→ **About this exercise**: Entries below include pictures. Output exactly the lines from the one with "Hi everyone, this" down to the one with "We're asked to", both ends included, and leave the pictures out.

→ **Input for this task**:
════

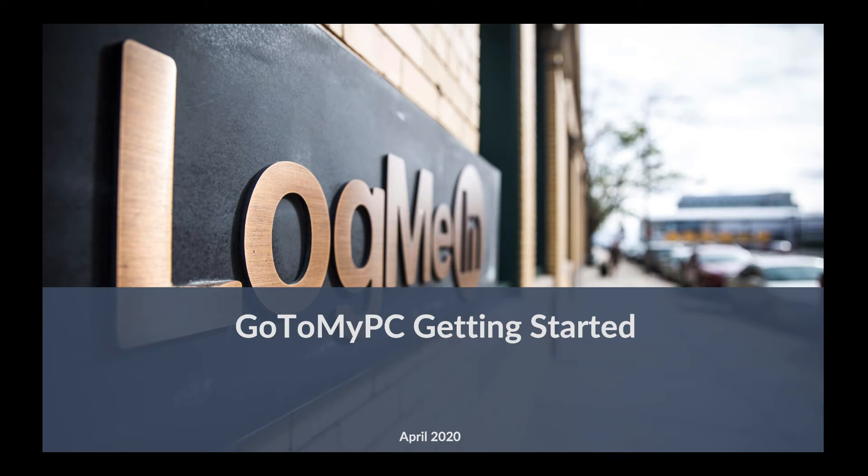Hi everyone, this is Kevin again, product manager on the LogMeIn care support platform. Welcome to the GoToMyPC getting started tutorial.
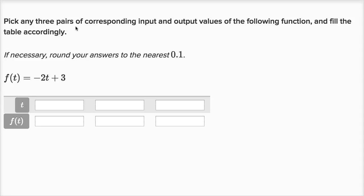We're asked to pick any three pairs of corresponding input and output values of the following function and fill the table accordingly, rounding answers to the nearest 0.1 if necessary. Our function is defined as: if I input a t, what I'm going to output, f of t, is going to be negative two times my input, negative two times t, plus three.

════

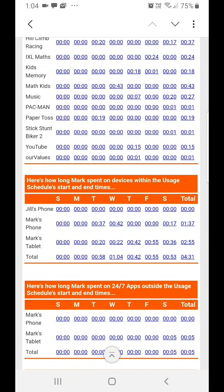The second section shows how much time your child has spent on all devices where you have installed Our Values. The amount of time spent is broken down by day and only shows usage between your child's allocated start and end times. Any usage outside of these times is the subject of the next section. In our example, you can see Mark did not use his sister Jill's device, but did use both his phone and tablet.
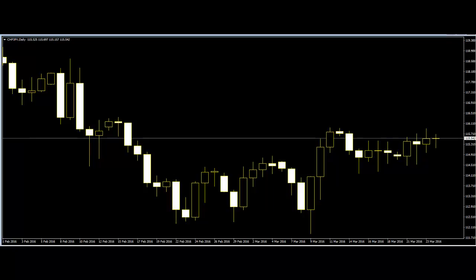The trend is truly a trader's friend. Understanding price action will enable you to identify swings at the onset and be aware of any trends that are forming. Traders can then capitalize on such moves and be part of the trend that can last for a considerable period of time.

════

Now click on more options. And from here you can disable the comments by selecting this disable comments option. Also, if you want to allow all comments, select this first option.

════

→ **Solution**:
Hi everyone, this is Kevin again, product manager on the LogMeIn care support platform. Welcome to the GoToMyPC getting started tutorial.
We're asked to pick any three pairs of corresponding input and output values of the following function and fill the table accordingly, rounding answers to the nearest 0.1 if necessary. Our function is defined as: if I input a t, what I'm going to output, f of t, is going to be negative two times my input, negative two times t, plus three.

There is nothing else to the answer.